The recommendation algorithm can also be used for more personalized email marketing campaigns to BN members wherein every month TopMatch books alerts will be sent instead of generic email ads.
- Perform SMOTE data balancing and other penalizing models to check if better ROC, sensitivity, and specificity can be achieved
- Add more book features such as pricing via scraping to understand price sensitivity of customers
- Identify interesting customer clusters after the addition of more features
Sources & Credits
- Book Crossing Dataset
- Barnes & Noble website
- Amazon Website
- Collective Intelligence
- Collaborative Filtering : Implementation with Python
Appendix A - Experiment & Observation
Appendix B - Imputation
- BRCF.1.Baseline.ipynb is used to check Caraciolo's implementation against the Book-Crossing Dataset.
- Our baseline model produced same results as shown in Caraciolo's article.
- However, we observed many exceptions occurred during data loading and Caraaciolo only utilized non-zero ratings:
- There are 1,149,781 ratings in BX-Book-Ratings.csv.
- When loading it to Caraciolo's implementation, there is 1 Value exception and are 49,818 Key exceptions.
- There are only 383,853 non-zero ratings used to build dictionary prefs (for user-based filter) which has 77,805 entries.
- We believe we can treat zero ratings as missing values and impute them with average rating.
- Let say 100 users bought the Book-A, but only 10 user provided ratings.
- We can compute average rating for Book-A based on 10 user ratings and then feed it back to 90 zero-ratings.

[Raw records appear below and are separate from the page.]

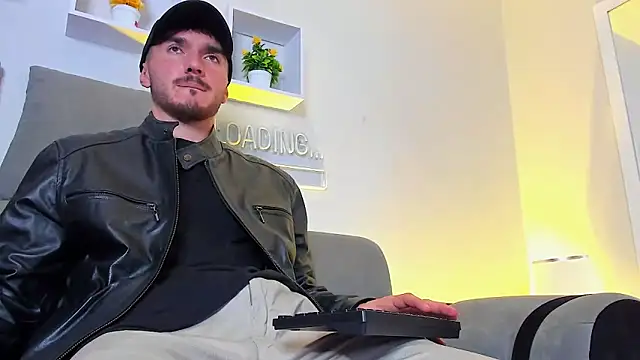 โชว์เว็บแคมของ Dante_Blake1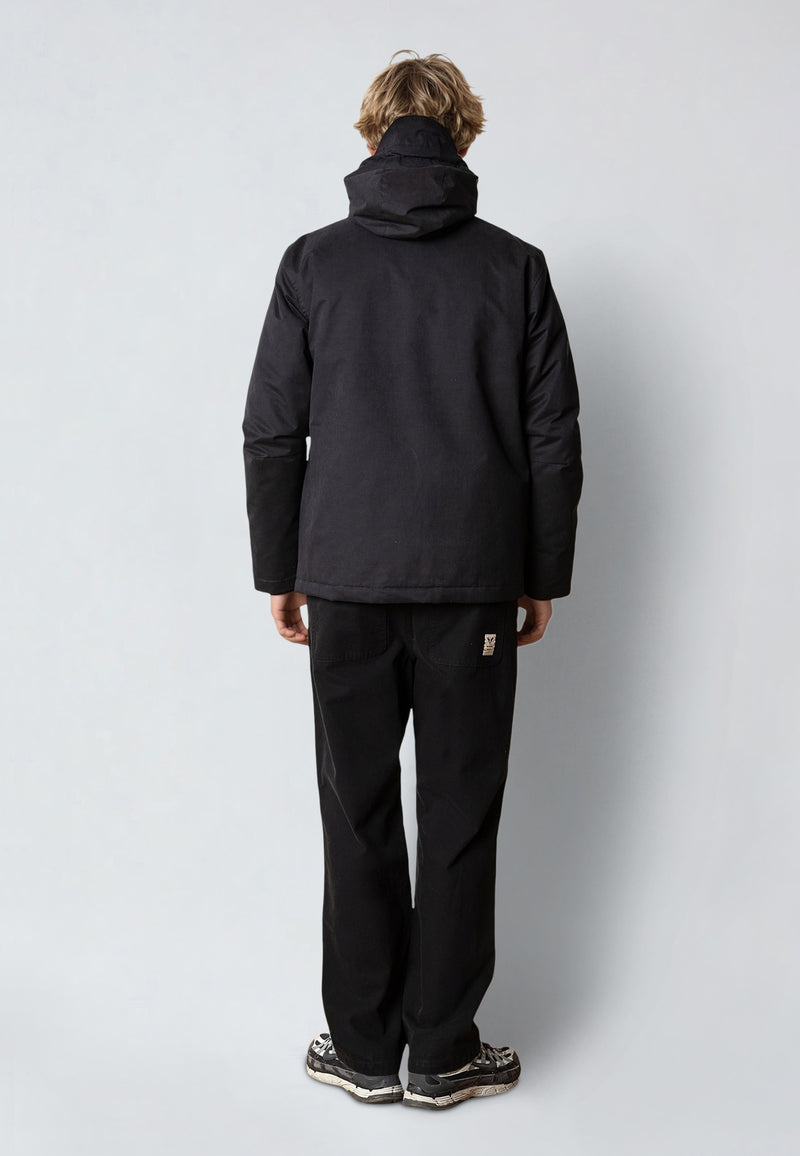 Fat Moose SAILOR ACTIVE JACKET Jakker Sort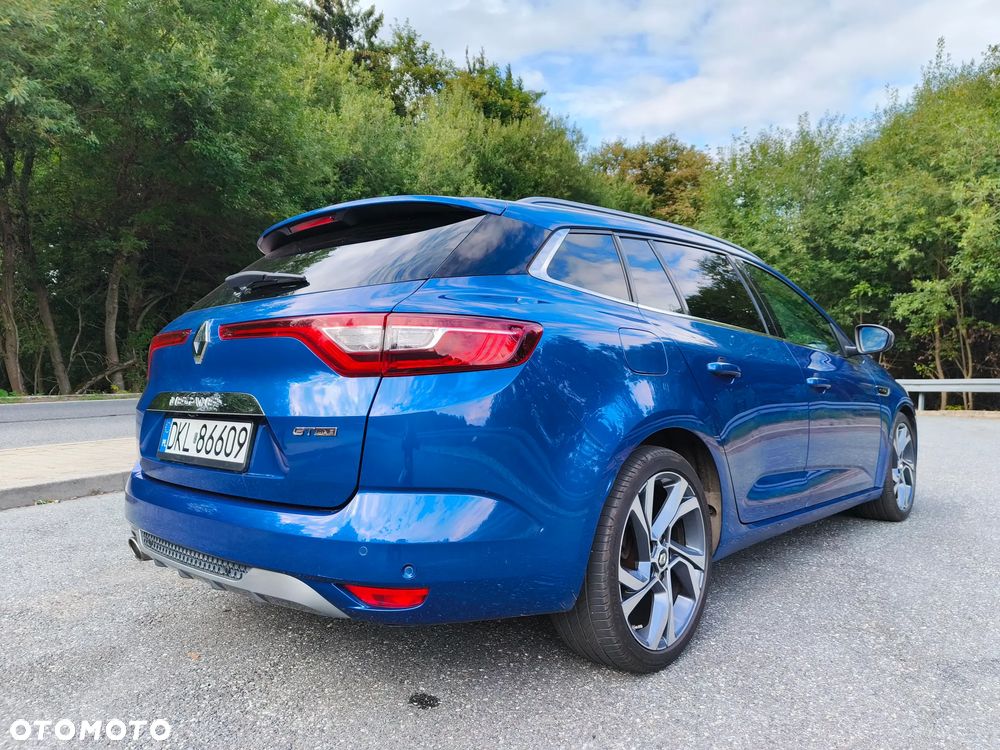 Renault Megane 1.2 Energy TCe GT Line - 4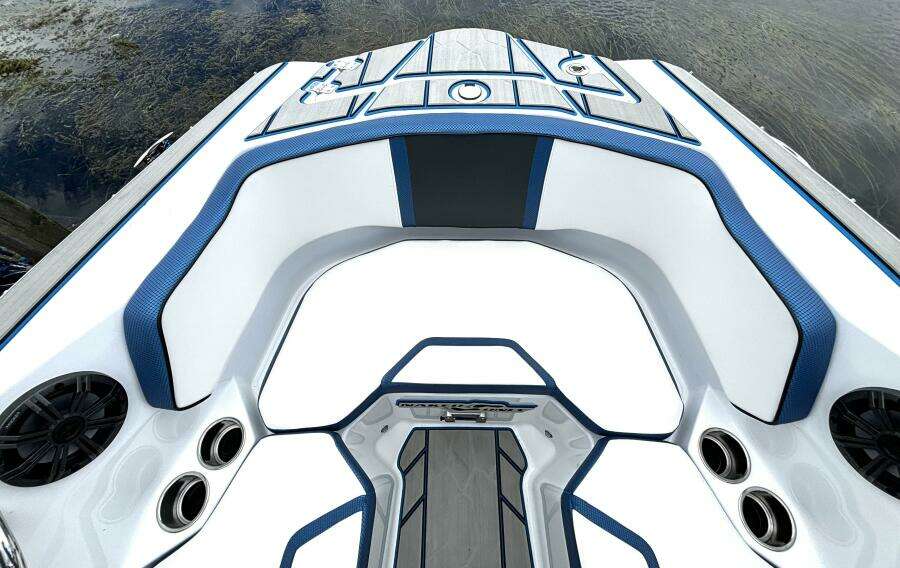 25ft Scarab Yacht For Sale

- Like a lot of Amazon customers, they buy book without feedback. But they see the average rating from customers who provided ratings. Thus, one can argue that they implicitly agree with the average rating posted on Amazon.
Following steps are our approach for such imputation.
- BRCF.2.CleanerData.ipynb is used to capture what Caraciolo's implementation used from BX-Books and BX-Book-Ratings and save them in true comma-seaparate files: MC.Books.csv and MC.Ratings.csv.
- We also need to eliminate one line from MC.Ratings.csv with editor:
- Line "130499,,.0330486187,6" as there are more than 3 fields
- BRCF.3.VerifyData.ipynb is used to verify MC.Books.csv and MC.Ratings.csv.
- MC.Books.csv and MC.Ratings.csv produced same results as shown in Caraciolo's article.
- BRCF.4.ImputeImplicit.ipynb is used to create Good.Ratings.csv which replace zero ratings with average ratings if available.
- We read 1,149,781 from BX-Book-Ratings.csv.
- 433,671 have non-zero ratings; thus, no impute needed.
- We use average ratings for 494,024 records.
- We can only use zero rating for 222,085 records as buyers of those books not provide rating.
- We wrote 1,149,780 records to Good.ratings.csv
- Thus, we double ratings available for building CF.
- BRCF.5.DataImpact.ipynb is to re-examine our baseline model using two times more ratings from Good.Ratings.csv.
- As expected, more ratings changed the recommendations.
Appendix C- Data Structure for Collaborative Filtering
We used two types of 2D matrices, implemented using Python dictionary, to capture the user-item-rating information.
To provide recommendation for a user, 2D prefs matrix will have users as rows and items as columns; i.e., rating stores as prefs<user><item>. We provide two prefs matrices:
- prefsLess which is based on non-zero ratings from original dataset.
- prefsMore which includes prefsLess plus additional non-zero ratings by imputing average ratings.
To provide recommendation for an item, 2D critics matrix will have items as rows and users as columns; i.e., rating stores as critics<item><user>. We provide two critics matrices:
- criticsLess which is just a re-arrangement of prefsLess.
- criticsMore which is just a re-arrangement of prefsMore.